The formula is simple: If you as a man do not make significantly more than the State can pay her to live without you, you’re OUT. Period. Most women are that cold, cruel and cut and dried and we all know it.

This has consequences. I see them daily: I’m a solo Dad. Most of the time, people are surprised to know that I have kids and that they live with me. The fact that many women see this as a turnoff is a useful filter — I will not bring any woman into the family unless they are stable, godly and sane.

And my boys do not go out and date: they call those who sleep around fools. They have seen the consequences of marital down up close and personal. There are many men like me: solvent, fit, fertile, heterosexual and single. Because you have to screen like crazy. Particularly if you make more than the basic benefit.

But without such an infrastructure… things would change.

It took me about two seconds to think of another plausible explanation: women’s perception of their post-divorce prospects has changed. With economies worsening, their country being invaded by a hostile subculture, a general sense of uncertainty about the future, and regular stories about men losing interest in marriage, the natural threat-point has moved. Consciously or not, some women are sensing that life after divorce might not be a non-stop Sex and the City party after all, and that raises their estimation of their husbands’ value by comparison and their willingness to put up with imperfection.

That’s much more likely than that husbands have suddenly gotten “better,” especially in the sense that this writer would probably mean the term.

The divorce rate of a society is determined by one thing, and one thing only :

Will the woman’s anticipated/perceived standard of living go down after divorce, or not?

If yes via natural order, that country has a low divorce rate.
If no, due to rigged laws, that country has a high divorce rate.

That is all there is to it. All the retroactive rationalizations of “I was not haaaaapy” or “we grew apart” are just excuses for the cold financial decision.

Societies where men can toss out the wife with little cost (few of these remain) have a very low divorce rate. Why? Because men put the well-being of children above their own, while women do not. Men tend to be responsible adults that way.

Now, you may know of exceptions. So do I: I am one. But the costs of divorce are not merely financial. Marital breakdown is expensive for a society. It may be better to have security for children: that their parents will stay together barring the death of a parent.

And that was always considered a tragedy. There is a reason that the stepmothers in fairy tales are cruel, and the new husband of the widowed woman a brute to her children from the first marriage.

What to do? Well if married, stay so. If single, don’t marry unless you have really and truly tested the fidelity of your beloved. It’s not about what she is like in bed: it is about how she runs the bank account. How she keeps her word.

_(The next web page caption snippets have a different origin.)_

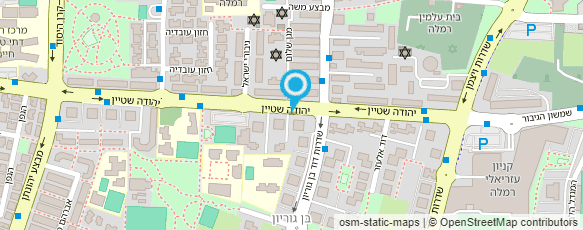 מפת הגעה אל ממ"ד הרי"ן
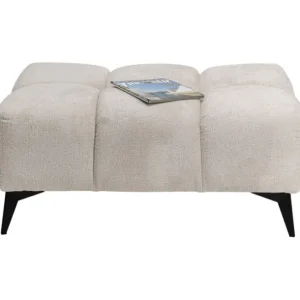Hot KARE Design Stool Nia Cream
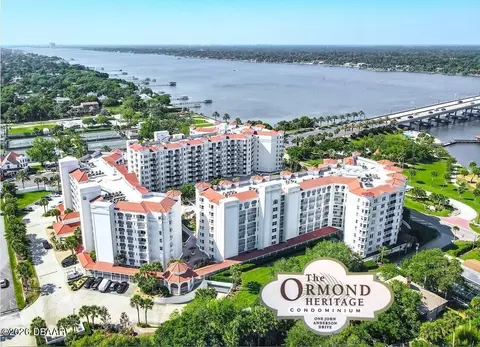 1 John Anderson Dr, Ormond Beach, FL 32176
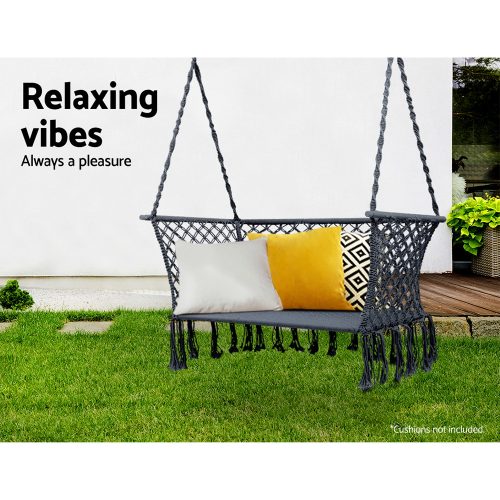 Outdoor camping hammock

Consider where you live and what the culture is. I’m not saying this because NZ is a paradise and Godly (It isn’t and it is not). But consider the rules. Over here, we don’t put men who lose their jobs in jail for not paying child support. We assume women are adults, and can support themselves. In the USA, women are still seen as deserving alimony: the courts are far harsher.

If you cannot live in a conservative society — the EU is making sure these fall in Europe — then live somewhere where there is some attempts to minimize the harms (to you) if your wife turns faithless.

What we need is for the culture to change to make staying within a marriage the aim and goal of all women. Not trading up, staying. Regardless of the laws. For in the end, the laws will follow behind the fashions around morality and life.

But in the meantime, don’t marry the feckless, the faithless and the foolish. And the best prediction of this is a person’s past behaviour.